--- Given entries ---
= Beginning of Section =

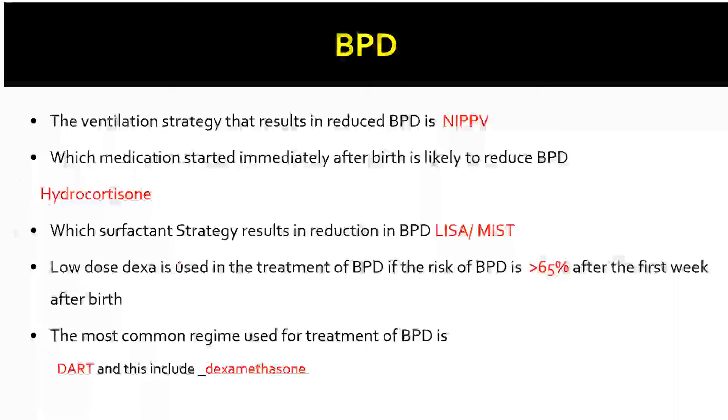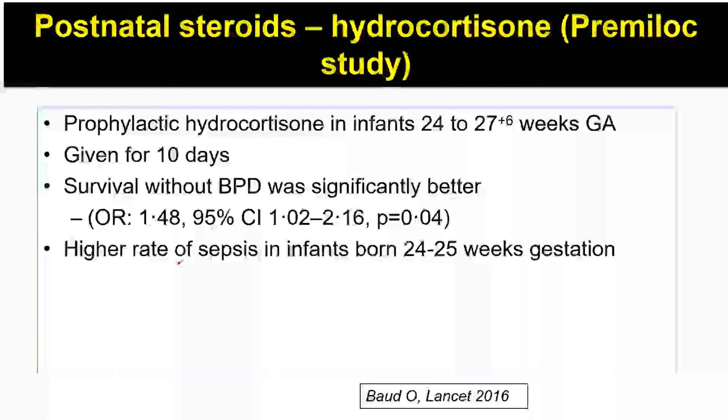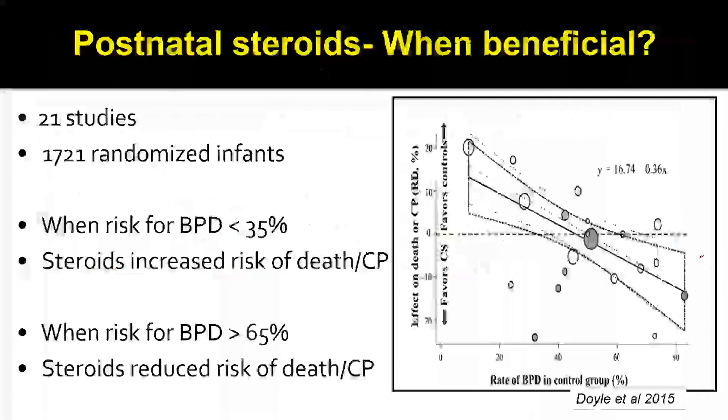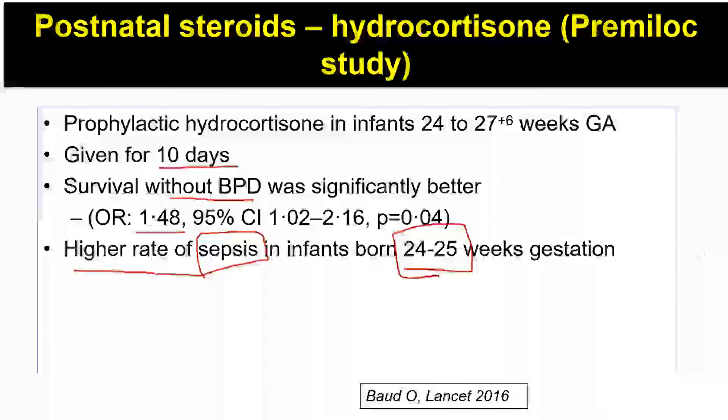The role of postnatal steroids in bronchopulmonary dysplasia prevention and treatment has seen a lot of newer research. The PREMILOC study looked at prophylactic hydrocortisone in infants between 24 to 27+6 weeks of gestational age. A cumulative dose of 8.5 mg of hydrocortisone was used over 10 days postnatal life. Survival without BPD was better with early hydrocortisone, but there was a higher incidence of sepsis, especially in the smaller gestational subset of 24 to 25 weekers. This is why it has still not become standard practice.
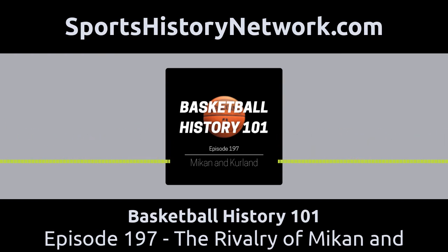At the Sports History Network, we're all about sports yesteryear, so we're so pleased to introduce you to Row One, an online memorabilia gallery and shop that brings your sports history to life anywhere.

= End of Section =
= Beginning of Section =

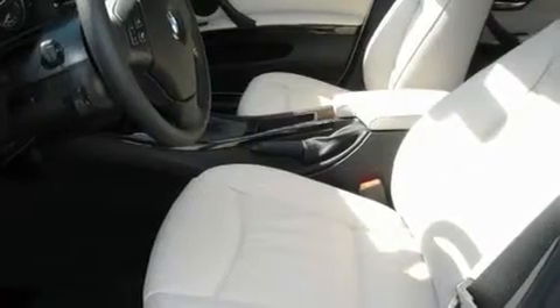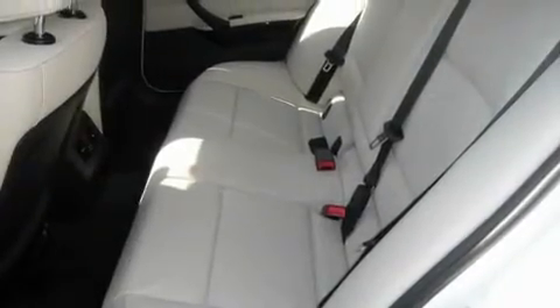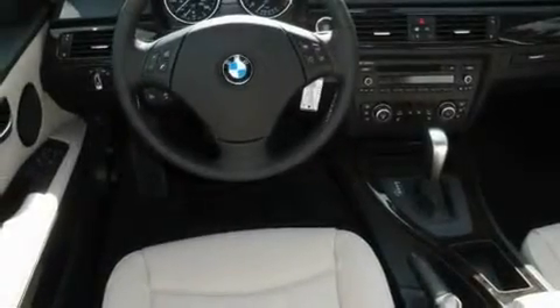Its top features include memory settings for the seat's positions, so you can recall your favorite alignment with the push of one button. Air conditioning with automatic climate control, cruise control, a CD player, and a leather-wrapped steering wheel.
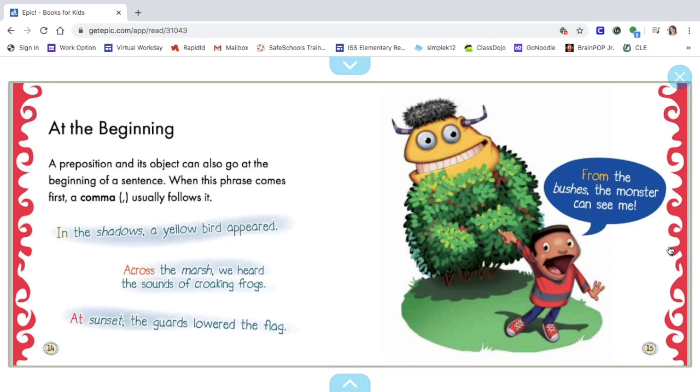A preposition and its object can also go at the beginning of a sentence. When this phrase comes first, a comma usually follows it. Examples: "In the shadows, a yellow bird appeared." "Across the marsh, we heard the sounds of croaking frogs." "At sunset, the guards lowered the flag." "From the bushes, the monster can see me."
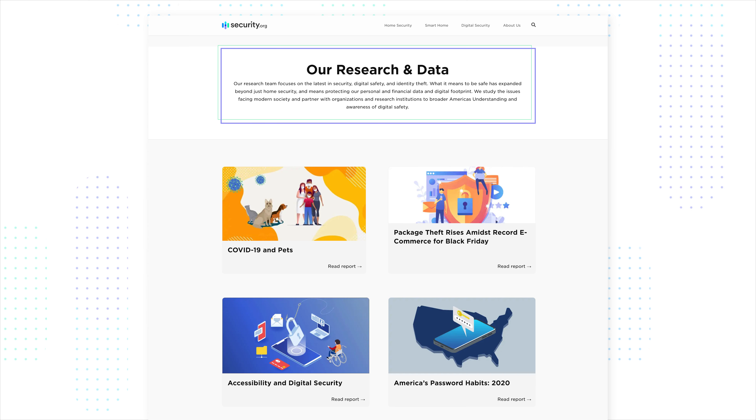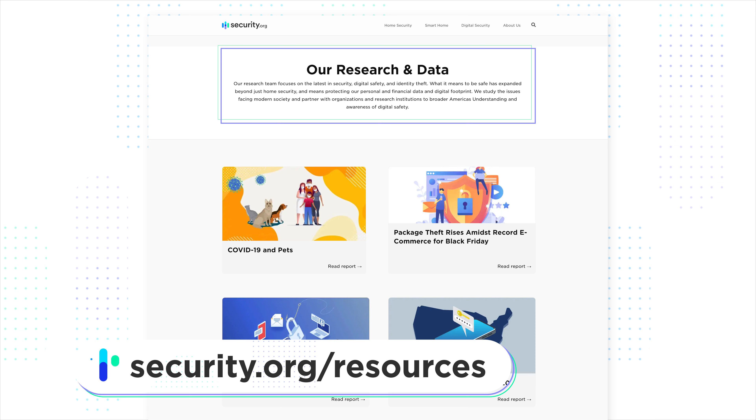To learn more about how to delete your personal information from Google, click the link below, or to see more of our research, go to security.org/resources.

= End of Section =

--- Exercise directions ---
Please repeat, exactly as written, the lines in the records above, starting with the one that has "The role of" and going on through the one that has "At the Sports". Pictures are to be left out.

--- Completed exercise ---
The role of postnatal steroids in bronchopulmonary dysplasia prevention and treatment has seen a lot of newer research. The PREMILOC study looked at prophylactic hydrocortisone in infants between 24 to 27+6 weeks of gestational age. A cumulative dose of 8.5 mg of hydrocortisone was used over 10 days postnatal life. Survival without BPD was better with early hydrocortisone, but there was a higher incidence of sepsis, especially in the smaller gestational subset of 24 to 25 weekers. This is why it has still not become standard practice.
At the Sports History Network, we're all about sports yesteryear, so we're so pleased to introduce you to Row One, an online memorabilia gallery and shop that brings your sports history to life anywhere.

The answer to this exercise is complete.